- Opening Delimiter -

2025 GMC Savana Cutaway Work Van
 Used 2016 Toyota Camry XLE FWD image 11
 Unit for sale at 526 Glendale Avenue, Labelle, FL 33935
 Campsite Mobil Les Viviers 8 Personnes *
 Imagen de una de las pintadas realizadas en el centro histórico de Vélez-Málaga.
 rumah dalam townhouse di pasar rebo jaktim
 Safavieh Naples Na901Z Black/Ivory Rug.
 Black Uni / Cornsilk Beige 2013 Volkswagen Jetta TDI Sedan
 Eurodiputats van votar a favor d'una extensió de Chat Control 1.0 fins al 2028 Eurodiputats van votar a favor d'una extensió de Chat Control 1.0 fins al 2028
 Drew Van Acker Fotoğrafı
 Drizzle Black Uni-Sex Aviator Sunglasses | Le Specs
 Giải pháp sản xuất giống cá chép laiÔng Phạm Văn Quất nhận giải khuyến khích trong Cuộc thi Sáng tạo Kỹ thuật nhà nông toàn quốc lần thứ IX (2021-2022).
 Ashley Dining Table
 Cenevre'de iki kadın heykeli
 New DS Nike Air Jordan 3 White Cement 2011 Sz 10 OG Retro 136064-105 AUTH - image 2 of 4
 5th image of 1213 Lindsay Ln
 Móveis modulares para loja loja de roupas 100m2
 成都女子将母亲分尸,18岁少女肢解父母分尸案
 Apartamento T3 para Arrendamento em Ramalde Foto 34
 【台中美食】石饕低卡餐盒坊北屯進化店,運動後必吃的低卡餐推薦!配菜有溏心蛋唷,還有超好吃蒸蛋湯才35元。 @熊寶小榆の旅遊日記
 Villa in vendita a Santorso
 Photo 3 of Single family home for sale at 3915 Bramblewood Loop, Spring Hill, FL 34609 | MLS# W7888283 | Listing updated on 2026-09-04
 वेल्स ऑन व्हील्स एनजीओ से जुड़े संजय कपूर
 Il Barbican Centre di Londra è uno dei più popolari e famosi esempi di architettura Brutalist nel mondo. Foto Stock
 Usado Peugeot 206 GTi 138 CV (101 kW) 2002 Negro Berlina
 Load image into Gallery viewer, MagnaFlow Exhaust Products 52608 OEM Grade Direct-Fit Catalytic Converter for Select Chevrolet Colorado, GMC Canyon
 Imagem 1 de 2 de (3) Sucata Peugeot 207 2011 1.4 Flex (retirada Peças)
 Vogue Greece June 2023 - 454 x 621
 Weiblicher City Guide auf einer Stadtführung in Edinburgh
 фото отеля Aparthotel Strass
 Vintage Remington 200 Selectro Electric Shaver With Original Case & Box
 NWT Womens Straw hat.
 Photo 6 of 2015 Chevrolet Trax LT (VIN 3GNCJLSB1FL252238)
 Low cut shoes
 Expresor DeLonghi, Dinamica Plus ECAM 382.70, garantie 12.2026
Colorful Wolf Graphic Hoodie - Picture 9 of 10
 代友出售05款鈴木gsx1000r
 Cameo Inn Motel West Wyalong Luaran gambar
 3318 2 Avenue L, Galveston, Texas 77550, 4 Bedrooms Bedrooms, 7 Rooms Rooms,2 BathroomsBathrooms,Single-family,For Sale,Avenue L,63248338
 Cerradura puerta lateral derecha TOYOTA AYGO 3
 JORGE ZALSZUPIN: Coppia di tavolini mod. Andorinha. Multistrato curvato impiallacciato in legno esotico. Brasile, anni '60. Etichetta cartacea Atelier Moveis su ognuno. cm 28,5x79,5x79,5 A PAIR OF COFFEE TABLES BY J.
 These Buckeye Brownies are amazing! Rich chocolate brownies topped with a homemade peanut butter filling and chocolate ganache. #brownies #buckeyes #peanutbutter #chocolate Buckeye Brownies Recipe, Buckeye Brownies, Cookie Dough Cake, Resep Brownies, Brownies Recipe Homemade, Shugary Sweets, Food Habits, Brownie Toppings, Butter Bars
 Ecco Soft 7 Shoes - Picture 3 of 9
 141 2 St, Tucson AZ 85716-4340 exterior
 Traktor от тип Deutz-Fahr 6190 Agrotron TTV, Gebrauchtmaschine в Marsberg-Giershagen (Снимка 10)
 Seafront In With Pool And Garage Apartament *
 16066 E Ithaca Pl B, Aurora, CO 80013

- Closing Delimiter -

Extract from the listing above the lines between the line containing "NWT Womens Straw hat." and the line containing "Cameo Inn Motel West Wyalong Luaran gambar", keeping both of those lines. Output nothing else.

> [Answer box]
 NWT Womens Straw hat.
 Photo 6 of 2015 Chevrolet Trax LT (VIN 3GNCJLSB1FL252238)
 Low cut shoes
 Expresor DeLonghi, Dinamica Plus ECAM 382.70, garantie 12.2026
Colorful Wolf Graphic Hoodie - Picture 9 of 10
 代友出售05款鈴木gsx1000r
 Cameo Inn Motel West Wyalong Luaran gambar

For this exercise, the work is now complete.